The original dataset had only discrete anlges for steering, namely the steering angle $\theta \in\lbrace -30,\ 0,\ 30 \rbrace$ but we wish for a continuous controller so a central moving average will be applied to the edge padding. The total dataset spans 11 videos of 11,000 frames but 1,000 frames is already pushing my laptop memory limits. The current plan to tackle this issue is to queue a video to go through, get the estimated continuous controls, and then batch train a video. As for wether to loop through all videos before any potential repeats or simply randomly train, it isn't clear a priori which is better. For now simply iterating it easiest to at least get a simple model.

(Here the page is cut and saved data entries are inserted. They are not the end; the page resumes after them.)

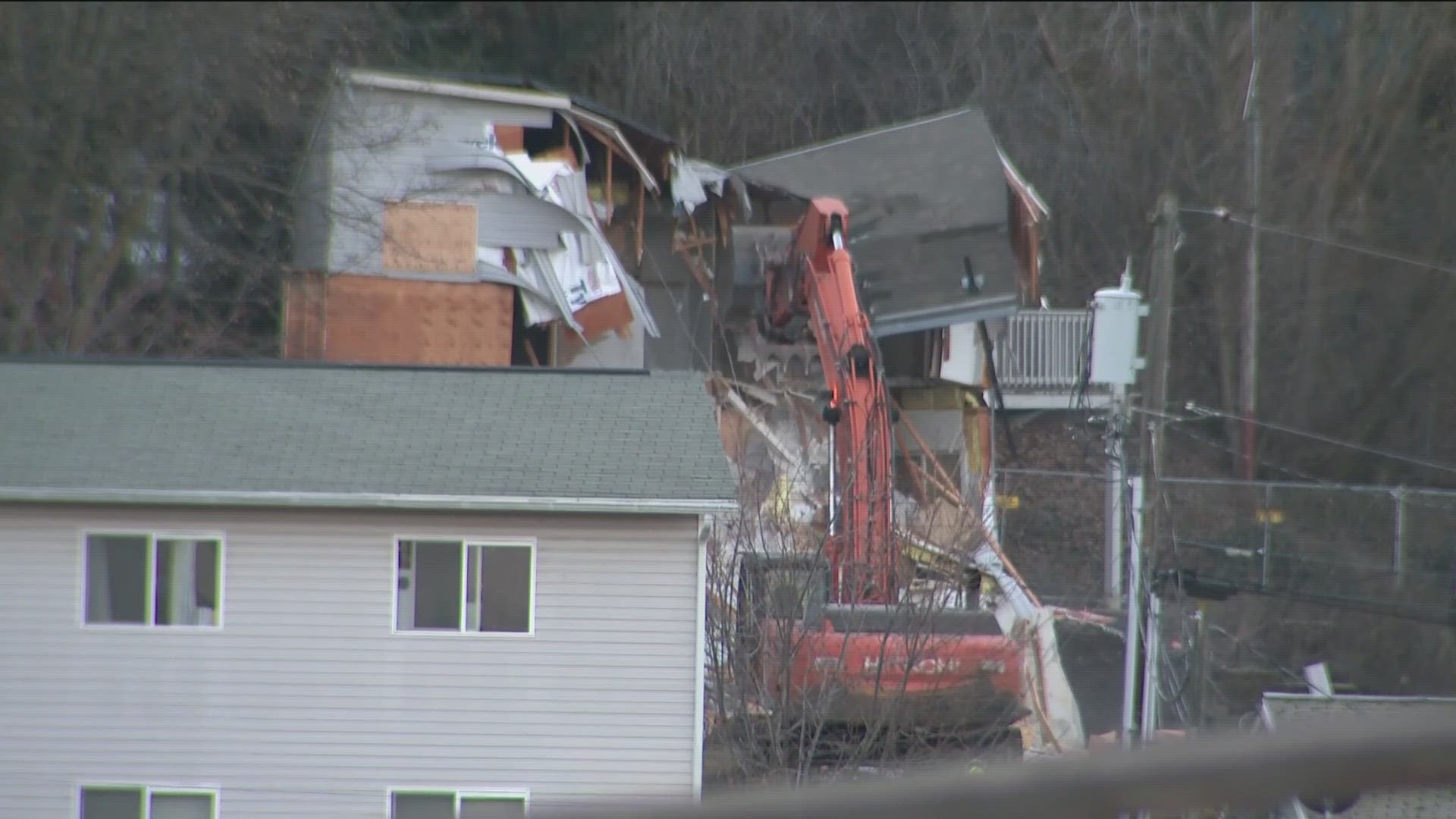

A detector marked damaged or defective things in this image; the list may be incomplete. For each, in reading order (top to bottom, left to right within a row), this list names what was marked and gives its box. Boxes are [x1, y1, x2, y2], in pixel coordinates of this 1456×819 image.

damaged house [279, 70, 733, 370] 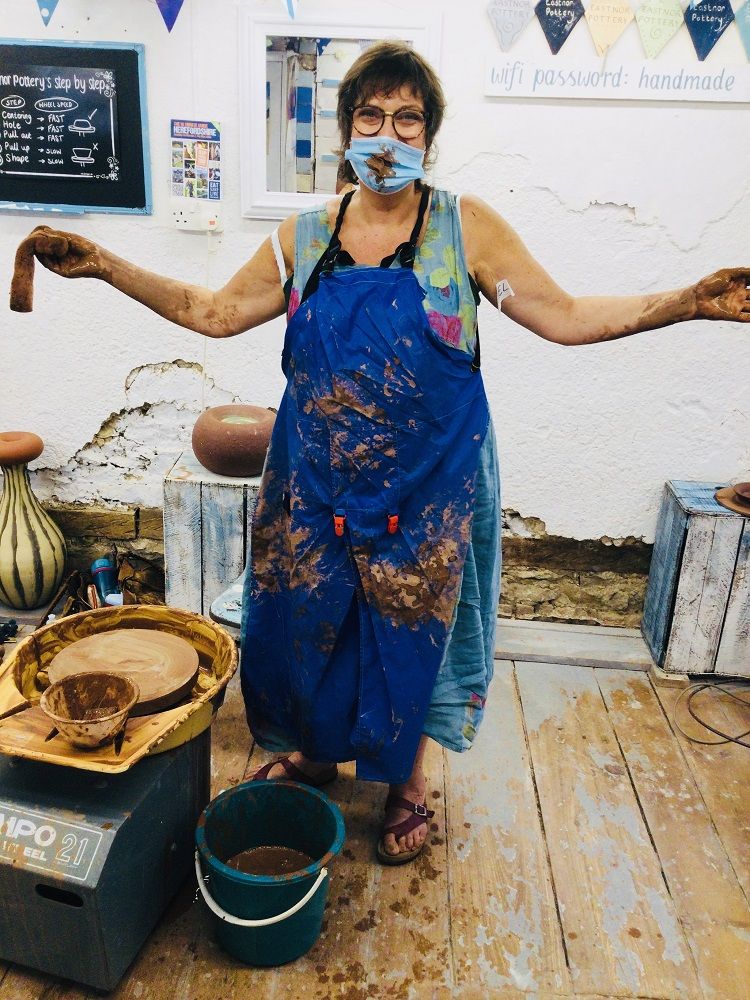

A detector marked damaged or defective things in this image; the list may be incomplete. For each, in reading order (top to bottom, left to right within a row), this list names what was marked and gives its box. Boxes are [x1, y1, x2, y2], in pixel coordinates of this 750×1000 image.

cracked plaster wall [1, 0, 750, 540] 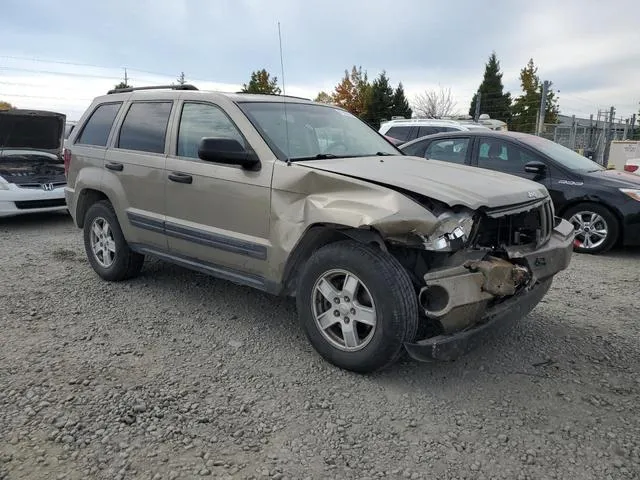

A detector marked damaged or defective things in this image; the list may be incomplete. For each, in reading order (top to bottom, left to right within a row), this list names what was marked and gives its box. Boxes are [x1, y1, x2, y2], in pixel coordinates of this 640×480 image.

crumpled hood [0, 108, 66, 155]
crumpled hood [296, 155, 552, 209]
damaged tan suv [65, 84, 576, 374]
damaged headlight housing [416, 212, 476, 253] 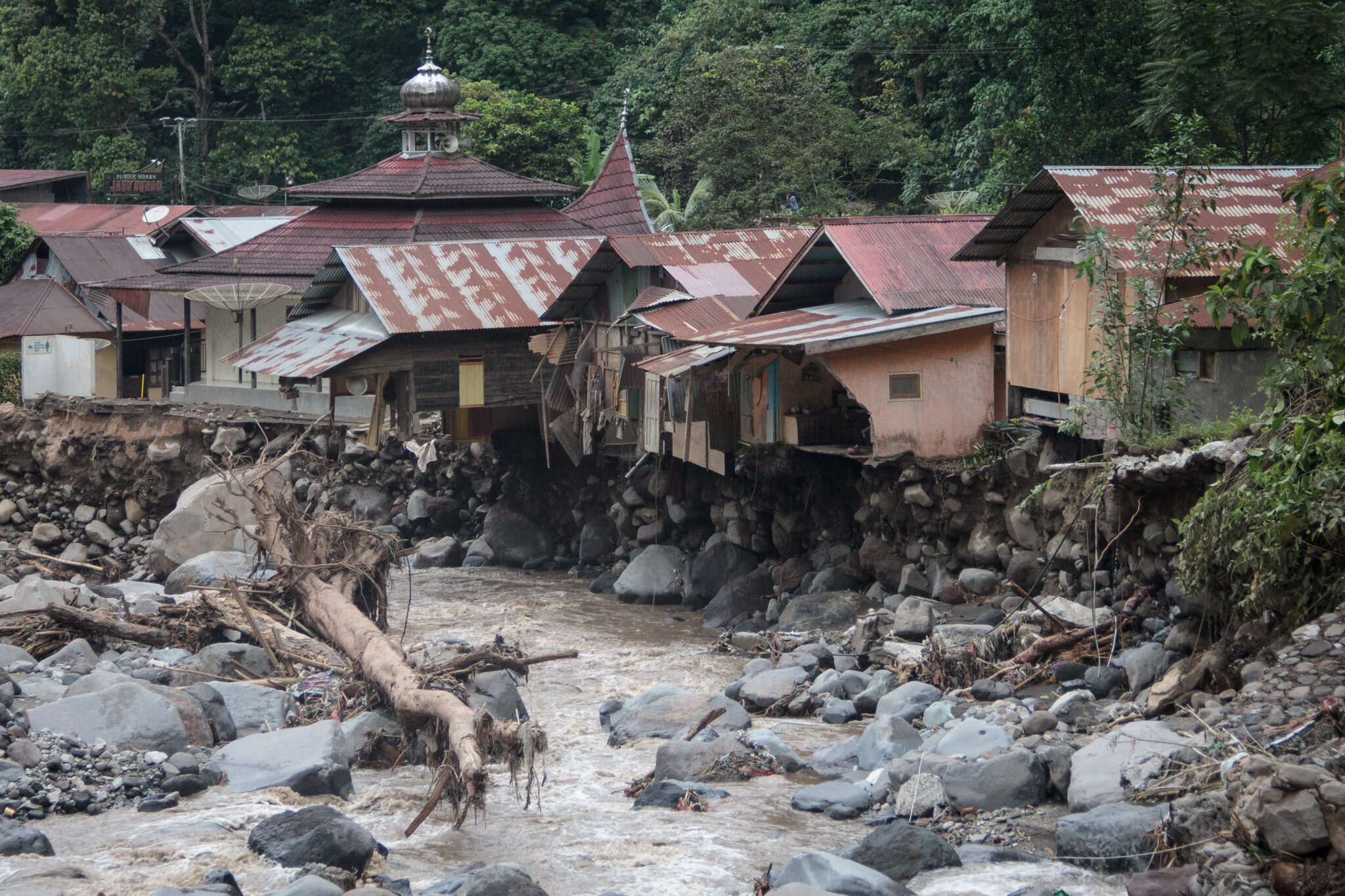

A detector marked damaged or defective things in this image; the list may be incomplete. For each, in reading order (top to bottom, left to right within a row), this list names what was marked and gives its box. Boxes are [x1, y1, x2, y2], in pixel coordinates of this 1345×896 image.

Setting the training:

In [3]:
# Grab video file list
dpv2_video_files = glob.glob("../data/external/DeepPicar-v2-data/*.avi")
# random.shuffle(dpv2_video_files)  # Shuffle to randomize for train-test split
"""
For recreatability, the model was trained on these in order:

../data/external/DeepPicar-v2-data\out-video-2.avi
../data/external/DeepPicar-v2-data\out-video-9.avi
../data/external/DeepPicar-v2-data\out-video-7.avi
../data/external/DeepPicar-v2-data\out-video-8.avi
../data/external/DeepPicar-v2-data\out-video-10.avi
../data/external/DeepPicar-v2-data\out-video-1.avi
../data/external/DeepPicar-v2-data\out-video-11.avi
../data/external/DeepPicar-v2-data\out-video-6.avi
../data/external/DeepPicar-v2-data\out-video-4.avi

And tested on these in order
../data/external/DeepPicar-v2-data\\out-video-3.avi
../data/external/DeepPicar-v2-data\\out-video-5.avi
"""
temp = []# For recreatability []
for i in [1, 8, 6, 7, 9, 0, 10, 5, 3, 2, 4]:
    temp = temp + [dpv2_video_files[i],]
dpv2_video_files = temp

# Some constants for analyzing videos from DeepPicar-v2
N_FRAMES = 1000  # All avi files in DeepPicar-v2 are 1,000 frames
ORIG_IMG_HEIGHT = 240
ORIG_IMG_WIDTH = 320
N_VIDEOS = len(dpv2_video_files)


# Define some helper functions
def key_from_video_filename(vf : str):
    directory_seperated = vf.split('\\')  # running on Windows
    fileno = int(directory_seperated[-1].split('-')[-1].split('.')[0])
    key_filename = 'out-key-%i.csv' % fileno
    return '\\'.join(directory_seperated[:-1] + [key_filename,])

In [4]:
# Filter setup
f_size = 5
f_array = np.ones((f_size,))/f_size
n_pad = int(np.ceil(f_size/2))

# Training Constants
EPOCHS = 50
VAL_SPLIT = 0.2
BATCH_SIZE = 256  # Want it to be a power of 4
N_IMAGES_PER_TRAINING_SEGMENT = 200
N_TRAIN_VIDEOS = 9  # 9/11  for train-val and 2/11 for testing
N_IMAGE_AUGS = 2  # Just flipping for now
N_LOOPS_THROUGH_VIDEOS = 4  # Looks like 4-5 is sufficient

# Output scaling
y_sf = np.pi/6  # 30 degrees

In [5]:
# Sperate to avoid changing a parameter and then restarting from scratch
training_history = None

In [6]:
# Rerunning this cell will append to training.
# Additional epochs: EPOCHS*(N_FRAMES/N_IMAGES_PER_TRAINING_SEGMENT)*N_TRAIN_VIDEOS*N_LOOPS_THROUGH_VIDEOS

assert N_FRAMES % N_IMAGES_PER_TRAINING_SEGMENT == 0, "Need even division of video frames over training"
# Loop over videos
for i in range(N_LOOPS_THROUGH_VIDEOS):
    print(f"Loop {i}:")
    # Iterate through the videos for training
    for vf in dpv2_video_files[:N_TRAIN_VIDEOS]:
        print(f"\t{vf}")
        
        # Load in csv of correct outputs
        y_video = np.loadtxt(
            fname=key_from_video_filename(vf),
            delimiter=',',
            skiprows=1,  # ignore the column titles
            usecols=2  # Angle is in the third column
        )/y_sf

        # Pad, filter, and then reduce
        temp = np.pad(y_video, pad_width=n_pad, mode='edge')
        del y_video
        y_video = np.convolve(temp, f_array, mode='same')[n_pad:-n_pad]
        del temp

        # Allocate training tensors
        x_train = np.empty((N_IMAGE_AUGS*N_IMAGES_PER_TRAINING_SEGMENT, input_img_height, input_img_width, 3))
        y_train = np.empty((N_IMAGE_AUGS*N_IMAGES_PER_TRAINING_SEGMENT,))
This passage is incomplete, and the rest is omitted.